稲澤参考人 郵便局におけるがん保険の取り扱いでございますけれども、アフラック一社でございます。

田村(貴)委員 驚く話です。

 この資料にもありますように、法人向けの生命保険会社は七社、自動車保険は五社、バイク自賠責は十社と、複数社の商品を取り扱っているのに、なぜがん保険だけは米国企業一社、アフラックだけなんでしょうか。説明してください。

稲澤参考人 日本郵便、いろいろな商品、多数ございますけれども、郵便局において販売する商品の供給会社でございますけれども、がん保険について広く公募を行わせていただきまして、経営基盤でございますとか、実績でございますとか、商品性、あるいは全国的な販売、事務支援体制、保険金等支払い管理体制等につきまして総合的に判断の上、選定をさせていただいたものでございます。がん保険につきましても、二〇〇七年に公募をいたしまして、アフラックを選定させていただいたところでございます。

 以上でございます。

田村(貴)委員 なぜ一社なのかという質問にはお答えになっておられないと思います。

 経過からいうと、日本生命と日本郵政は二〇〇八年から提携関係にありました。がん保険の共同開発でも商品設計を終えて、システム面でも対応は完了していたというふうにされています。なぜこの提携は断たれてしまったんでしょうか。

千田参考人 お答えいたします。

 先生御指摘のがん保険につきましては、二〇〇八年二月から、日本生命とがん保険の共同開発の準備を進めてまいりました。その後、二〇〇九年の三月に政府に対しまして、第三分野、がん保険の限度額規制に関する政令改正要望を提出いたしましたけれども、その実現の見通しが立たなかったというふうなことで開発を断念したというふうなことでございます。
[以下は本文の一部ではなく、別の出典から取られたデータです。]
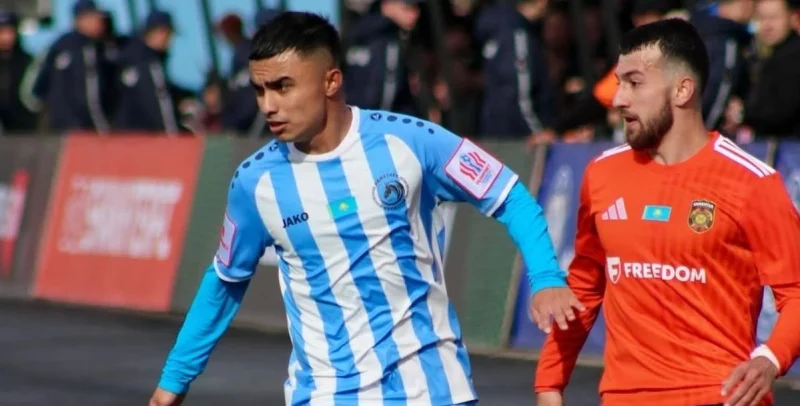 Окжетпес - Иртыш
 二〇一三年に既に一部の郵便局で受託販売をしておりましたアフラックの商品の取り扱いを拡大するということが、お客様サービスの向上と郵政グループの企業価値向上の観点から適当であるというふうに企業として判断したものでございます。

田村(貴)委員 よくわかりませんけれども。

 日本生命は、当時、異例のコメントを発しました。かんぽ生命とは五年以上にわたりさまざまな面で協力をしてきた経緯があり、遺憾だ、こういうコメントを発したのであります。

 先ほどお答えになったがん保険、アフラック一社の取扱局は二万六十五局です。これは、生命保険募集委託契約している全国の郵便局の九七・一%、まさに郵政のネットワークそのものであります。米国の一社の商品が郵政のネットワークをフルに使って販売されている、保険を扱う日本の企業はあまたある中、参入はしていない。これはある意味、民業圧迫ではないんでしょうか。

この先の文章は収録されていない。